個人再生は残したい財産がある場合にお勧め

1 個人再生でなく自己破産を勧める弁護士には、経験が少ないことに原因がある可能性も

個人再生は、裁判所に申請して借金を減額してもらい、3年から5年で返済する手続きです。

自己破産は、多くの弁護士が経験しますが、個人再生は、1件もやったことがない弁護士も珍しくありません。

その理由は、令和2年度司法統計によると、令和2年度の自己破産の件数は7万8104件あるのに対して、個人再生は6557件と10倍以上の差がありますし、

専門的にやっている弁護士でなければ、返済額の計算や返済能力があることの示し方に難しい点もあるからでしょう。

自分の経験があって見通しが立てやすいからと安易に自己破産を勧める弁護士もいないとは限りませんので、注意が必要です。
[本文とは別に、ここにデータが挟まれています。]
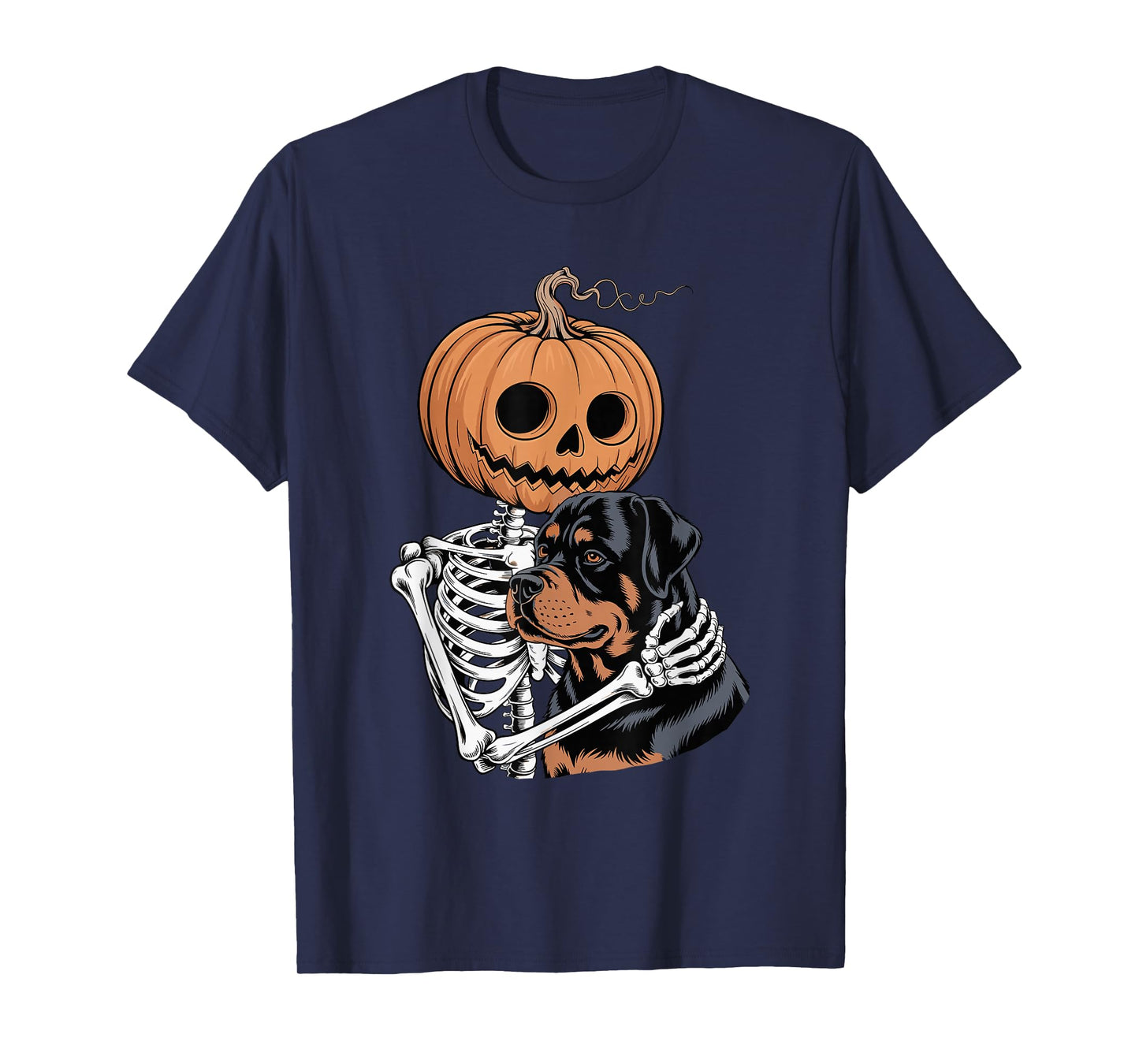 Halloween Skeleton Rottweiler Rottweilers Rot Dog Rottie T-Shirt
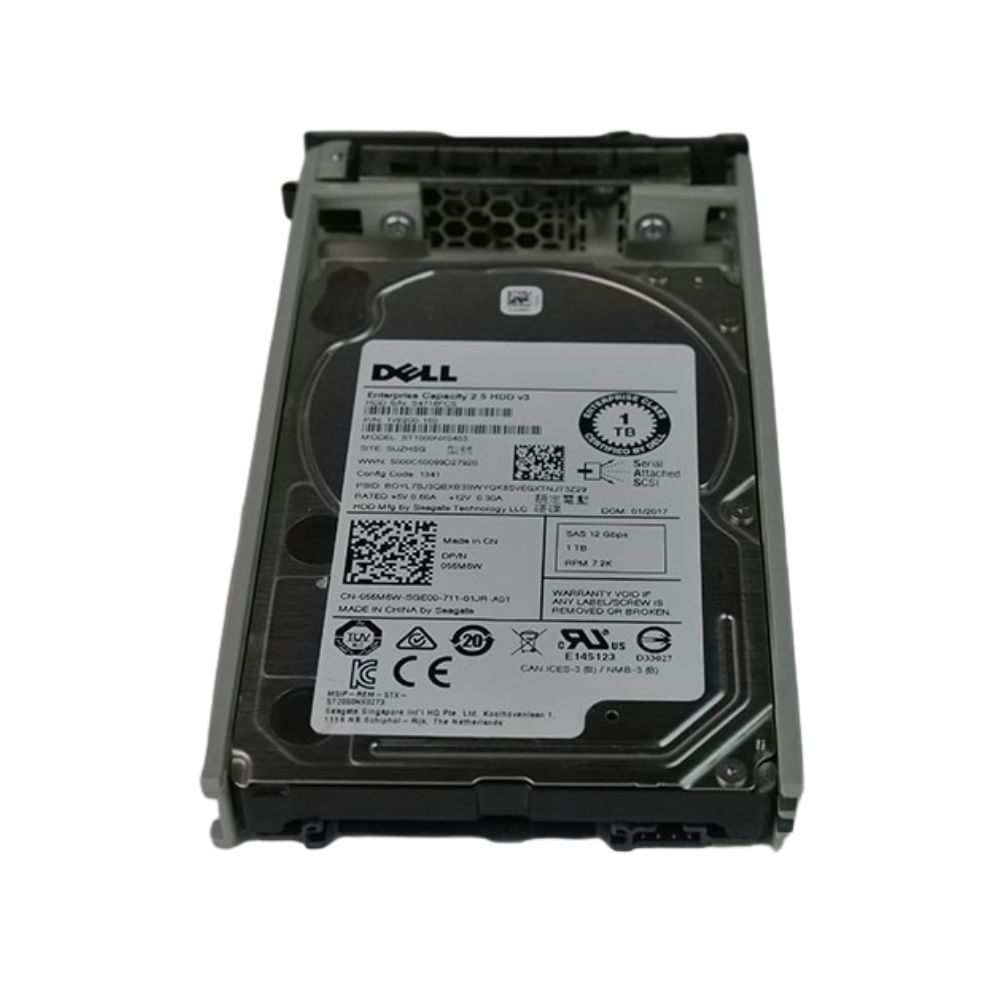 56M6W | Dell 1TB 7.2K 2.5&quot; SAS 12Gb/s HDD con caddy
2 個人再生は、資産があっても基本的に債権者にとられず、分割で支払えばよい

個人再生のメリットは、資産があっても基本的に債権者にとられないことにあります。

自己破産ではなくなってしまうはずの財産を残して借金の整理をすることができることも多いので、よくある個人再生の利用例を見てみましょう。

3 解約返戻金のある生命保険や学資保険がある場合

解約すると50万円の返戻金がある学資保険に入っている方が自己破産した場合、基本的にこの保険は解約して債権者への返済に充てられることになります。

個人再生では、他に目ぼしい財産がなければ、返済額が増えることもなく、学資保険を残して借金を減らすことができます。

4 住宅ローンのある自宅がある場合

住宅ローンが残っている自宅は、住宅ローンを約束どおり払うことで自宅を残す個人再生ができます。
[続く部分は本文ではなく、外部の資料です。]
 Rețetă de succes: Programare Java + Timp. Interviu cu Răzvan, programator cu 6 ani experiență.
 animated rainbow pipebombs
自己破産の場合は、そもそも住宅ローンだけ返済を続けることができず、不動産も残せないことから、基本的に自宅に住み続けることはできません。

5 実家の不動産に持ち分がある場合

実家の不動産について、お母様が2分の1、相談者さんが2分の1など不動産の持ち分を有している方もいらっしゃいます。

自己破産では、この持ち分をお金に変える必要があるため、お母様が相談者さんの持ち分をお金を出して買い取ったり一緒に売る必要が出てきます。
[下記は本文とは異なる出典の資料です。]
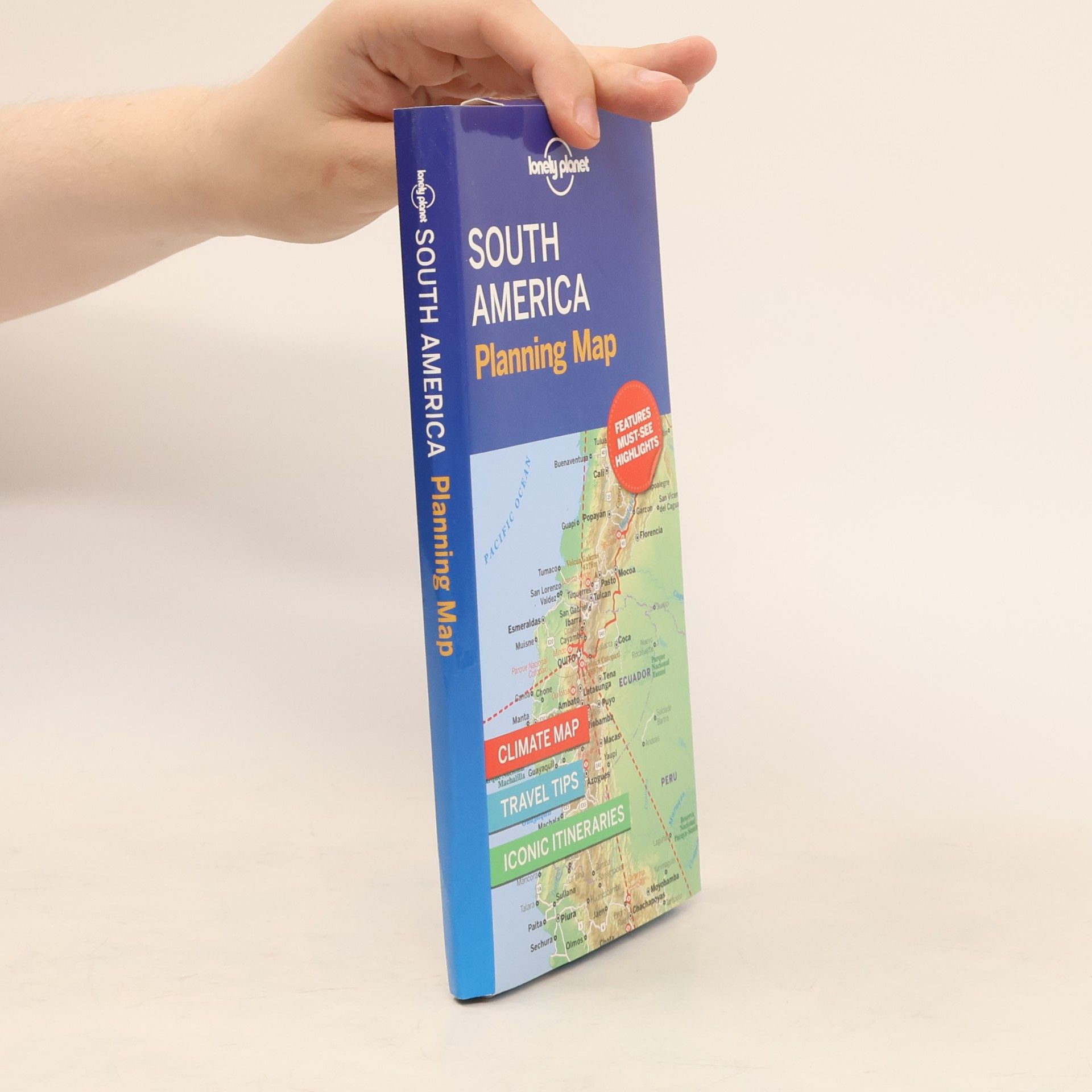 Lonely Planet Lonely Planet: South America Planning Map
一方、個人再生では、実家の不動産の時価が500万円なら、250万円を財産的価値として計上し、その他の財産も合わせた額を3年から5年分割で返済すれば

足ります。つまり、お母様に迷惑をかけることはありません。

6 このように、個人再生は残したい財産がある場合に幅広く使えますので、積極的に検討することをお勧めします。